Tout un environnement qui a fait évoluer la lecture de la Tanzanie et de l’Afrique du Sud de la crise burundaise : d’abord strictement légaliste, ces deux puissances politiques régionales ont adopté depuis le putsch raté des lectures plutôt géopolitiques de leur implication dans ce qui se passe au Burundi.

Or, tout « mauvais leader » qu’il est pour les capitales occidentales, Nkurunziza entretient des liens de confiance étroits avec la Chine et la Russie, fondés notamment sur la ligne de « préservation de la souveraineté nationale et de l’intégrité territoriale » qui s’entend de la Crimée à Taiwan en passant aux Iles Senkaku. En outre, il y a la construction d’un chemin de fer reliant à terme Dar-es-Salaam (Tanzanie) à Gitega (Burundi) et l’Est de la RDC, qui place le potentiel économique du sous-sol burundais (dont ses importants gisements de nickel) et le Burundi en position géostratégique de porte sur la RDC et transit vers l’Océan Indien via notamment le port de Bagamoyo. Le tout sous les aspirations sécuritaires et expansionnistes de la Chine dont la portée embrase toute la côte indienne du continent africain (de la Mozambique à la Tanzanie, au Kenya, au Soudan, Djibouti et même l’Éthiopie).

Au final, l’échec du putsch du 13 mai dernier a définitivement replacé la crise burundaise au centre des luttes géopolitiques d’influence sur la région entre l’Occident et l’axe Russie-Chine. En effet, lorsque la Russie n’hésite pas à brandir son droit de veto au Conseil de Sécurité de l’ONU sur une résolution concernant le Burundi, on a le droit de comprendre que c’est plus qu’un problème d’interprétation d’un texte juridique qui est en jeu.
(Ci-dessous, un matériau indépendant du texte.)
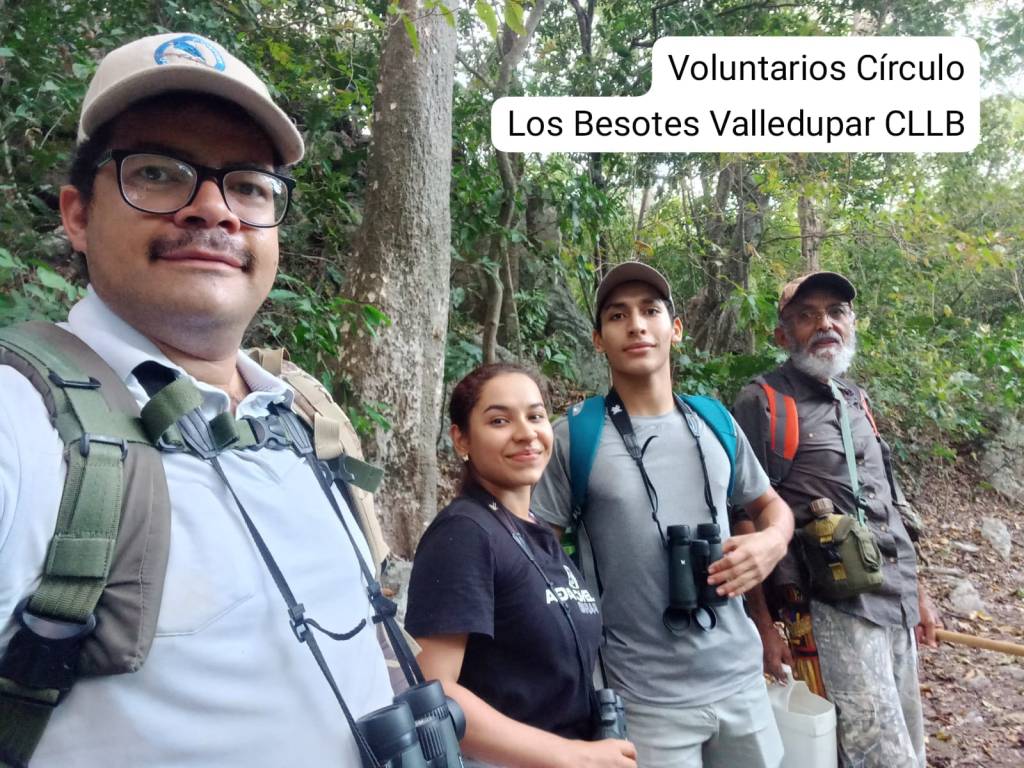 Selfie de un grupo de voluntarios en Los Besotes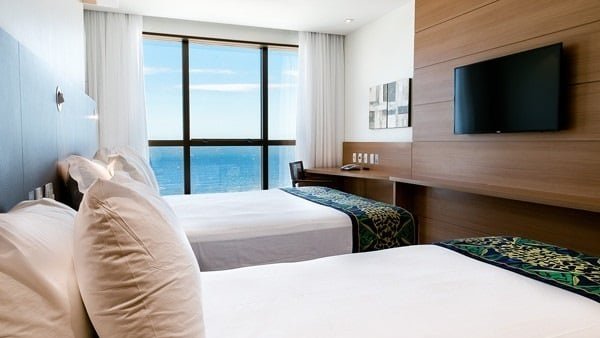 habitacion-p1-triple-deluxe-sea-front-view-arena-copacabana-hotel-45513.jpg
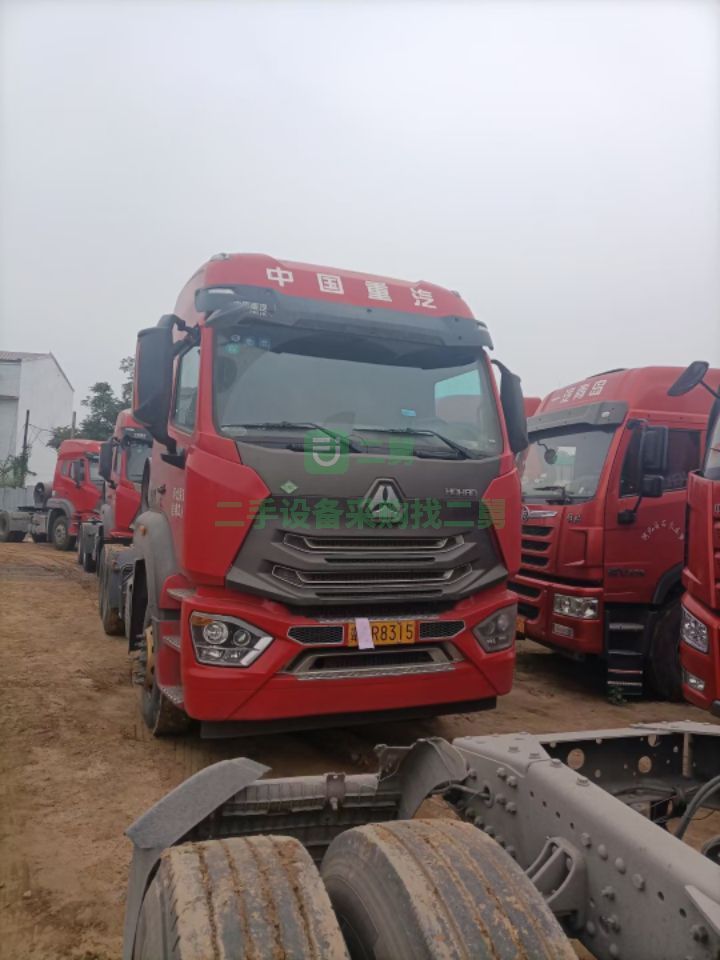 出售國(guó)六浩瀚440馬力天然汽牽引車(chē)，2臺(tái)一年兩個(gè)月全保險(xiǎn)，帶液緩
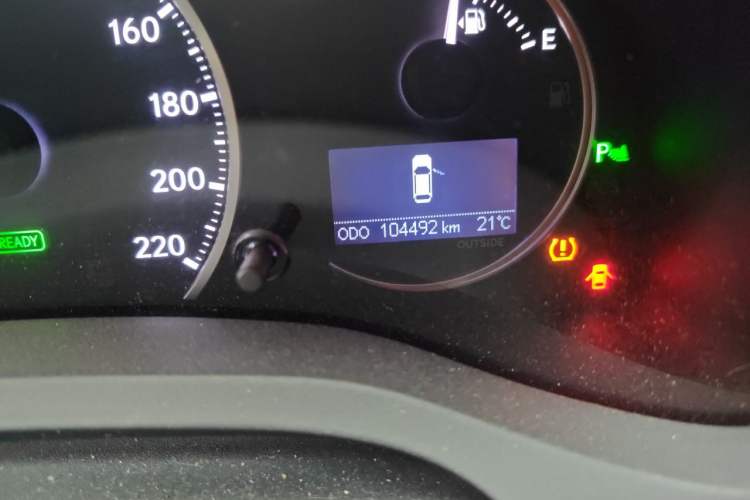 Used Lexus CT 2014 CT200h Comfort Edition Monochrome Odometer Close Up
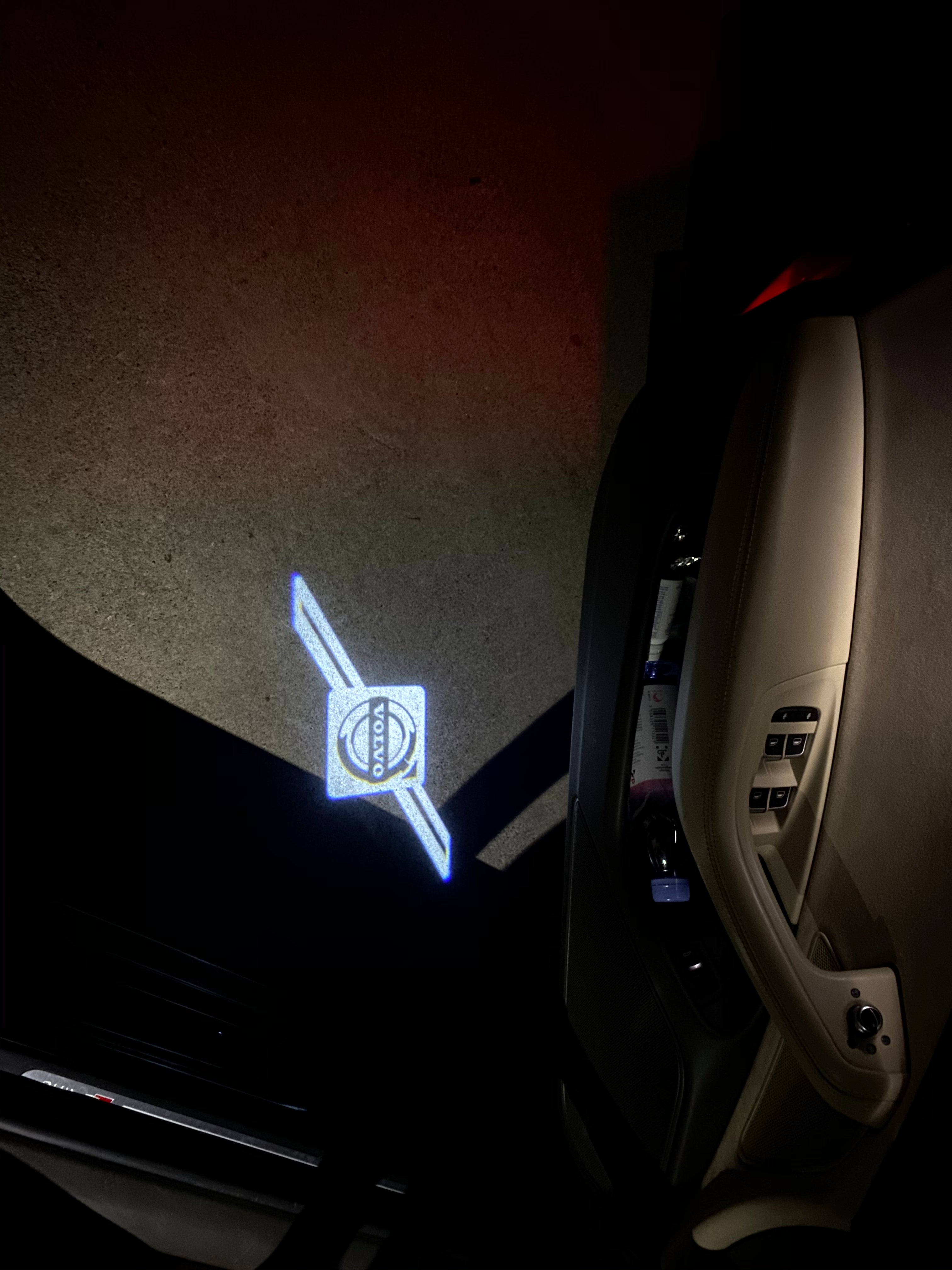 Volvo Original  LOGO PROJECROTR LIGHTS Nr.29 (quantity  1 =  2 Logo Film /  2 door lights)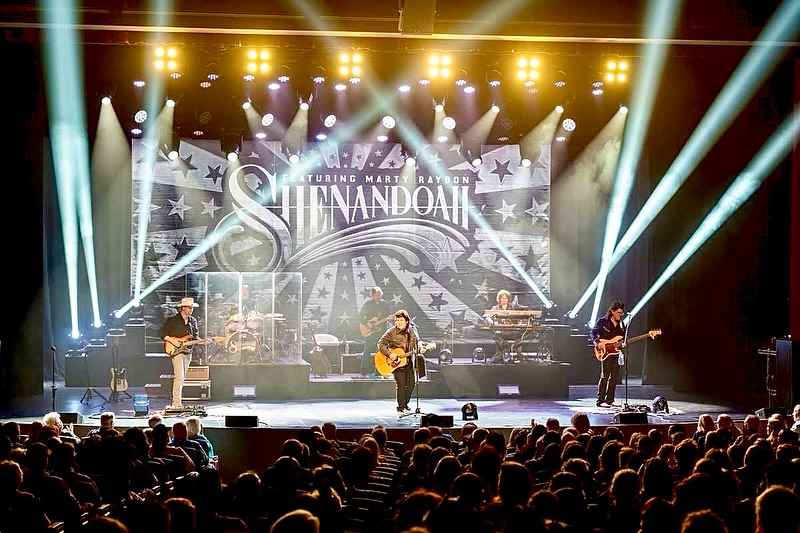 Thank you Oxford, Alabama! A SOLD OUT night at the @oxfordpac. What an unforgettable evening with y’all!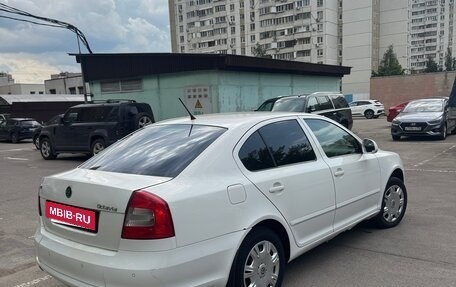 Skoda Octavia, 2011 год, 900 000 рублей, 20 фотография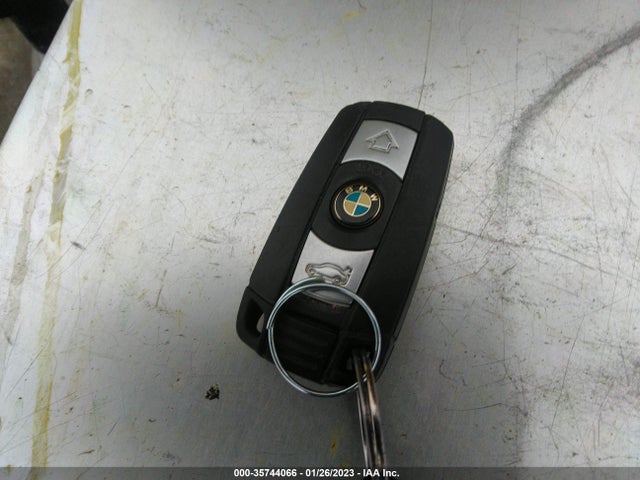 2011 BMW 3 SERIES 328I XDRIVE VIN: WBAPK5C53BA662825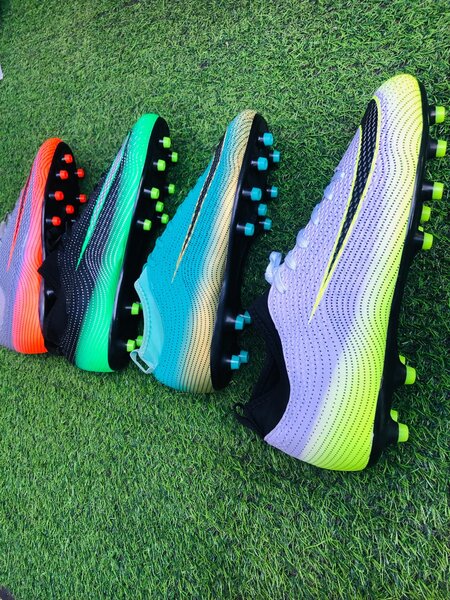 Soccer boots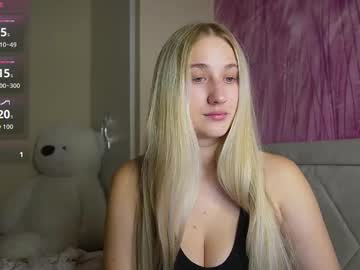 Eva_Mia Chaturbate stream image from November 03, 2025
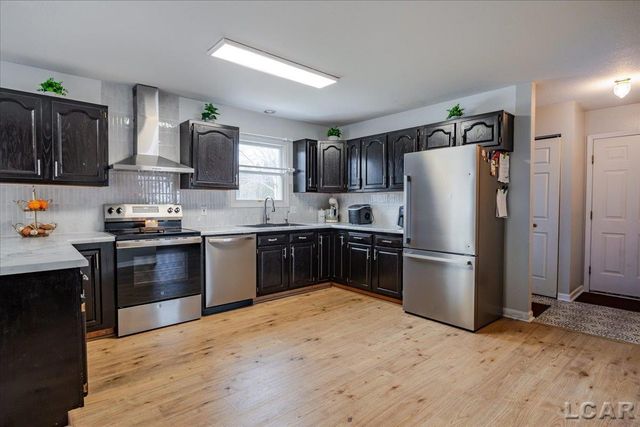 2860 Dawn Drive, Adrian Twp, MI 49221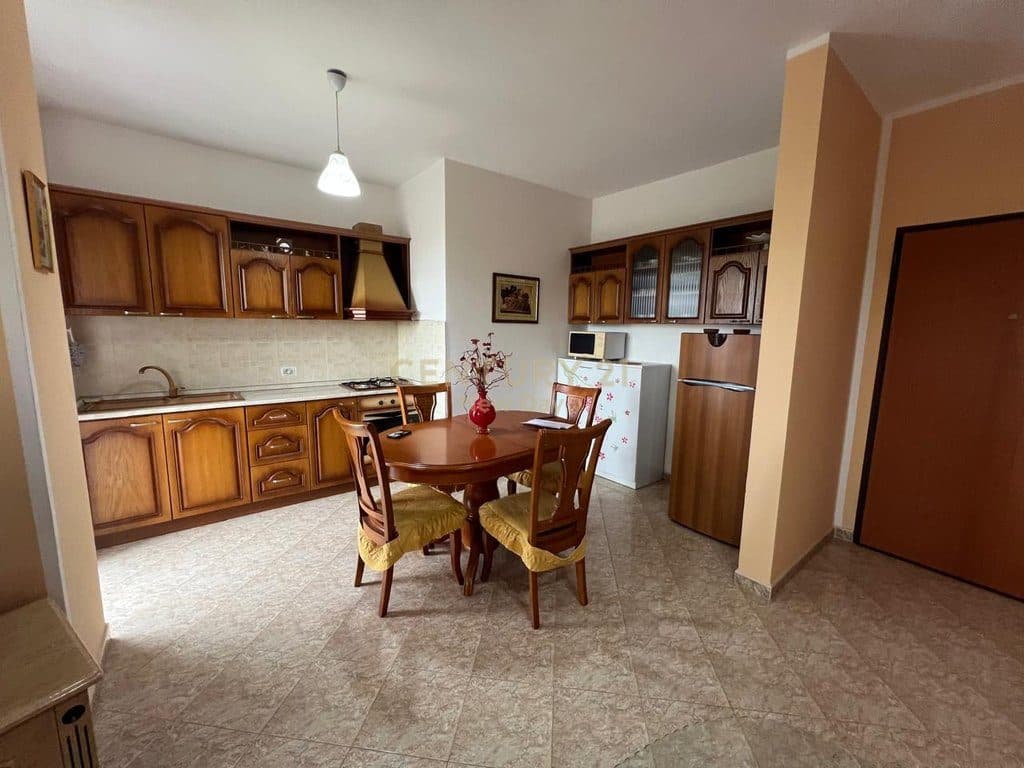APARTAMENT 1+1 ME QIRA PRANE UJESJELLESIT, DURRES! 4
Toujours dans un esprit d’analyse, que seules la Russie et la Chine prennent le soin d’être présentes lors de la proclamation des résultats des élections communales et législatives du 29 juin dernier décriées par les États-Unis et l’Union Européenne, mais avalisées par les missions diplomatiques du Kenya, de l’Ouganda, de la Tanzanie et de l’Afrique du Sud; est assez révélateur.